En Córdoba, departiendo con el responsable de la excelente librería Rubén, se me ocurrió comentarle que me habían recomendado una escritora policial francesa, pero que no recordaba el nombre. A Rubén tampoco le sonaba, pero al rato descubrimos que teníamos un libro de la autora delante de nuestras narices. Es que Fred Vargas, la mujer francesa en cuestión, firma como un hombre americano.
Hay un tabú de incompatibilidad –como el del vino con sandía– entre mujeres y literatura policial. En realidad, el tabú es doble y le prohíbe al género femenino tanto escribir como protagonizar policiales. O más bien triple, porque el policial nunca dejará de ser un trabajo dudoso. En una entrevista aparecida la semana pasada en este suplemento, Hebe Uhart advierte que sus talleres literarios excluyen el tema. Poco digno para una mujer es el título de una gran novela de P.D. James y la frase tiene como destinataria a la joven Cordelia Gray, quien acaba de heredar una agencia de detectives. De todos modos, James no utilizó a Cordelia más que dos veces contra catorce del más famoso inspector Dalgliesh. Claro que para toda regla hay excepciones y podrá citarse a la pionera Miss Marple como también a la feminista V.I. Warshawski o a la ordinaria Kinsey Millhone para confirmarla.

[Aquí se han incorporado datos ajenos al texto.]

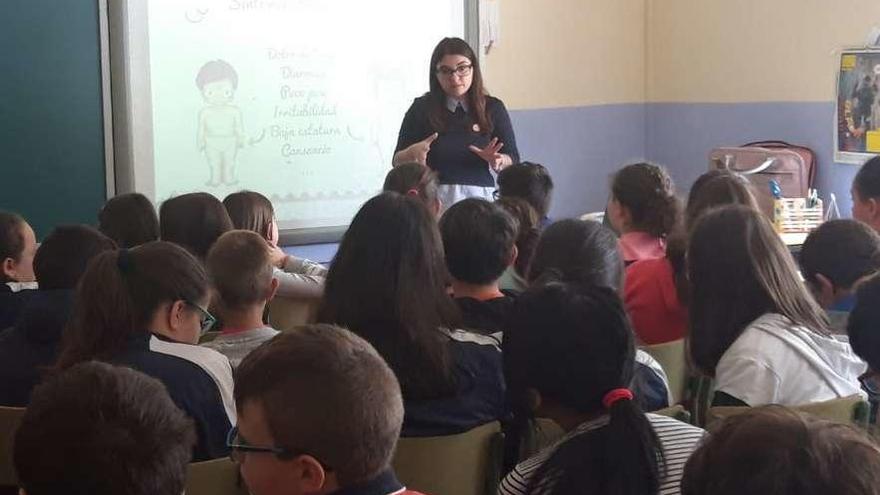 Lorena Pérez explica la enfermedad celiaca a alumnos del colegio Maestro Casanova.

“Cuando era un recién nacido, es decir, cuando tenía veinticinco años, quería escribir las Memorias de ultratumba o nada. No le sorprenda si le digo que eso ha cambiado completamente.” Así habla Danglard, el policía intelectual que revista en el equipo del comisario Adamsberg, protagonista de las novelas de Ward. Bien puede estar representando a su creadora. Ward es buena. Sus tramas son absolutamente inverosímiles y siempre es fácil descubrir al culpable mediante la regla de que es el personaje que sobra en el cuadro, pero es la mejor continuadora de Simenon y a Adamsberg no le queda grande el título de Maigret contemporáneo.

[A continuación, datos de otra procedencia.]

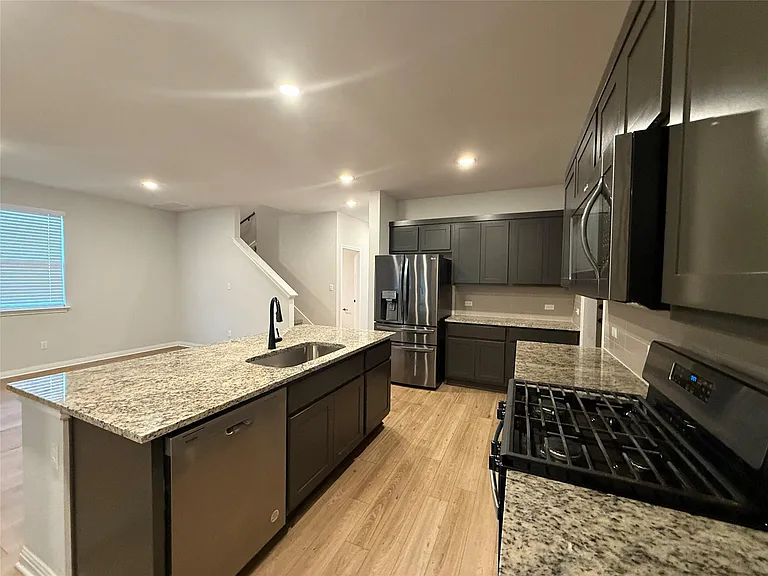 139 Gullivers Dr — Photo 12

En la Argentina, el tabú se hace cuádruple, porque el policial está amenazado por la corrección política: nadie se anima a escribir un relato en el que el representante del bien sea un oficial de policía. Ni siquiera uno donde el detective privado reciba la ayuda de un policía honesto. Los policías serán como Almada y Garmendia, los monstruos creados por Hernán Maggiori, o no serán nada. Lo que era lícito para Walsh en Variaciones en rojo o para Sampayo y López en Evaristo hoy ha dejado de serlo. Arkady Renko puede diferenciarse de la KGB en Gorky Park o el mayor Grau de la Gestapo en La noche de los generales, pero los policías argentinos están condenados a ser un apéndice de la dictadura.

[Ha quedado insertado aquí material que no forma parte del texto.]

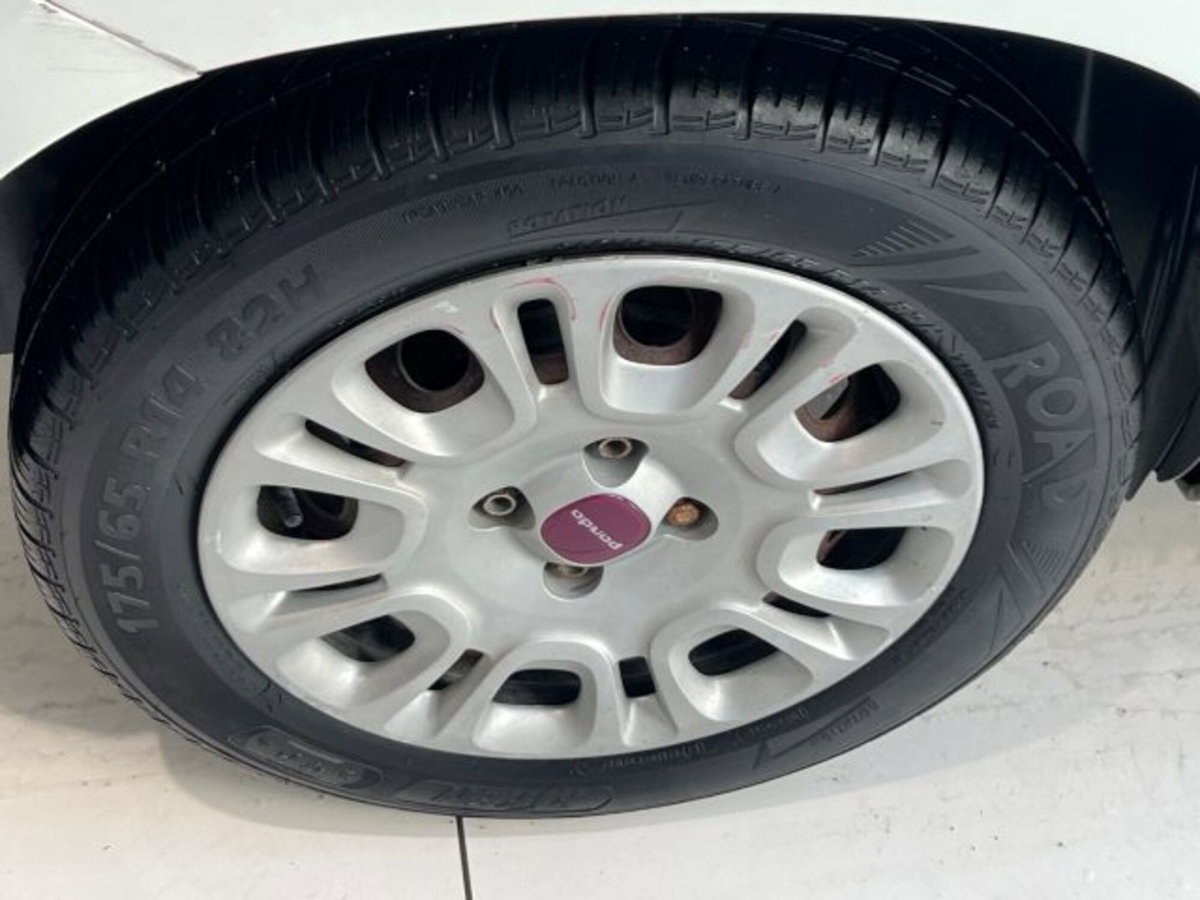 Fiat Panda 1.3 MJT S&S Lounge (10)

En medio de ese panorama, es muy curiosa la publicación en la colección Negro Absoluto, dirigida por Juan Sasturain, de Sangre kosher de María Inés Krimer, una abogada paranaense nacida en 1951. Krimer crea un protagonista singular: el de Ruth Epelbaum, la detective idishe. En verdad, Sangre kosher es más que nada una rareza porque confirma el tabú al que nos referimos de un modo contundente. La autora se debate entre el policial y la literatura costumbrista y son más interesantes su recuerdos sobre el funcionamiento de la colectividad judía en Entre Ríos que las pesquisas de la investigadora. Durante toda la novela, el lector tiene la impresión de que tanto Epelbaun como Krimer son demasiado frágiles para resolver un caso donde hay varios asesinatos, mafias involucradas y hasta el fantasma de la Zwi Migdal. Y al final, no es el asesino el que confiesa sino la escritora. Su heroína influye muy poco en el esclarecimiento del caso pero tampoco se entera de la solución. “Todas esas preguntas no tenían respuestas” nos dice. Es que Krimer ha inventado una forma de policial perfecto: el que se desinteresa por su enigma.